> [Material to process]:
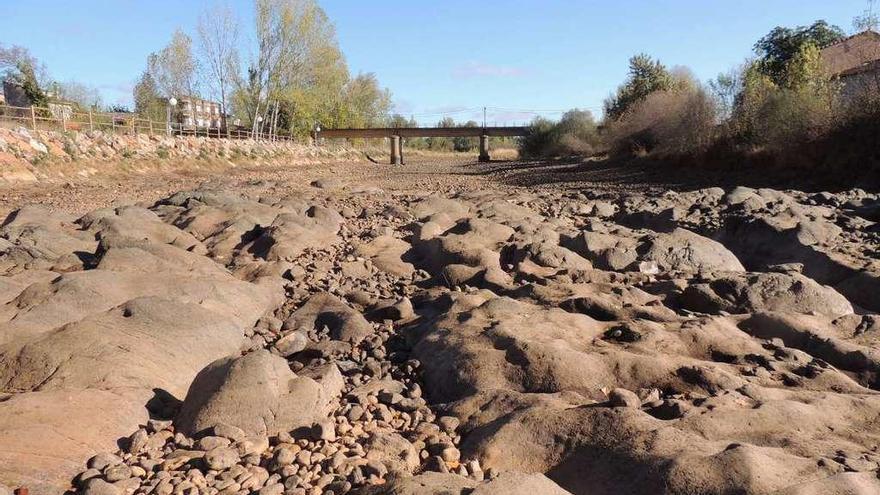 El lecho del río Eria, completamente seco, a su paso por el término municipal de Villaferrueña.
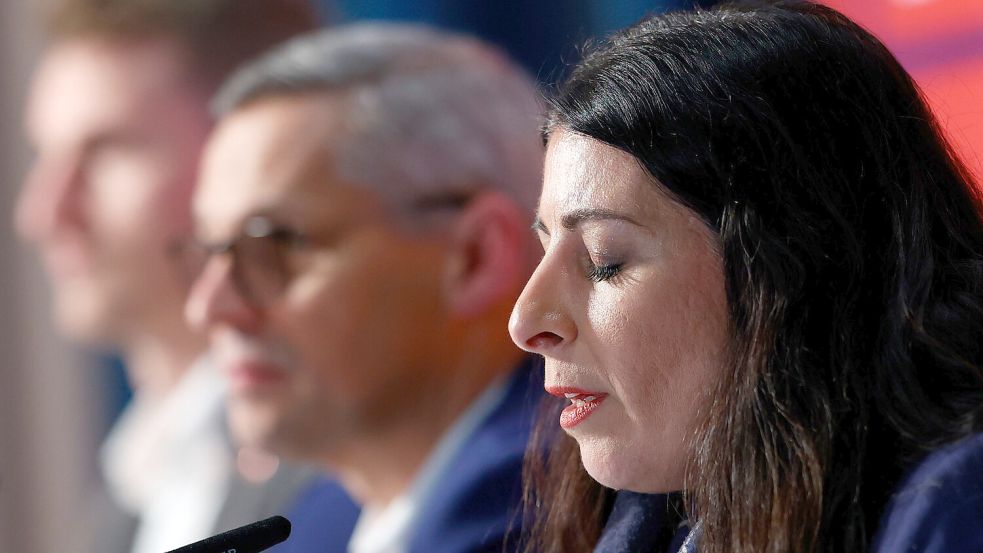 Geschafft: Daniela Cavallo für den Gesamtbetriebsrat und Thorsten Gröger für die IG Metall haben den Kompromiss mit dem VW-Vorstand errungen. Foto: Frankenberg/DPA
==
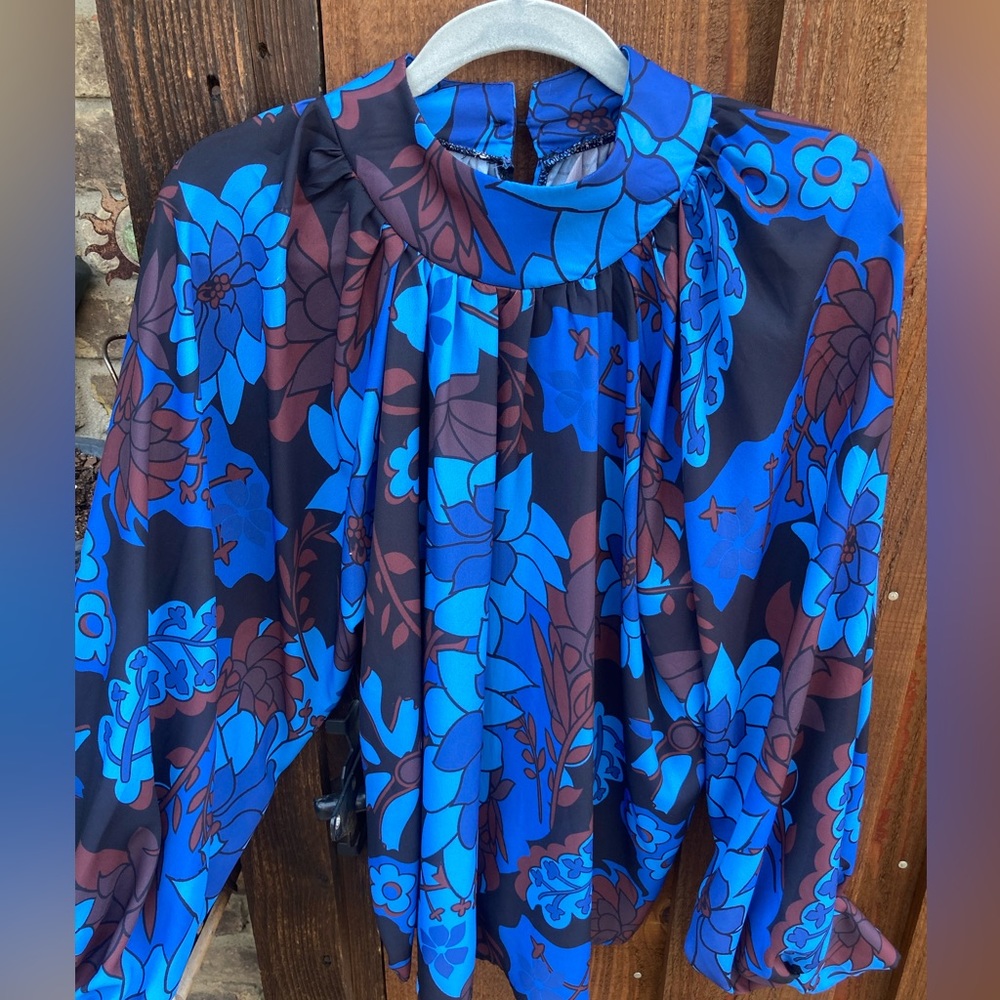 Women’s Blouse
...
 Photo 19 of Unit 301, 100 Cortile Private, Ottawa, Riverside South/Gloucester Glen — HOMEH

> [The task]: Beginning with the line above that has "El lecho del" and going on through the line that has "Geschafft: Daniela Cavallo", retype every line exactly and add nothing else; drop the pictures.

> [Written reply]:
 El lecho del río Eria, completamente seco, a su paso por el término municipal de Villaferrueña.
 Geschafft: Daniela Cavallo für den Gesamtbetriebsrat und Thorsten Gröger für die IG Metall haben den Kompromiss mit dem VW-Vorstand errungen. Foto: Frankenberg/DPA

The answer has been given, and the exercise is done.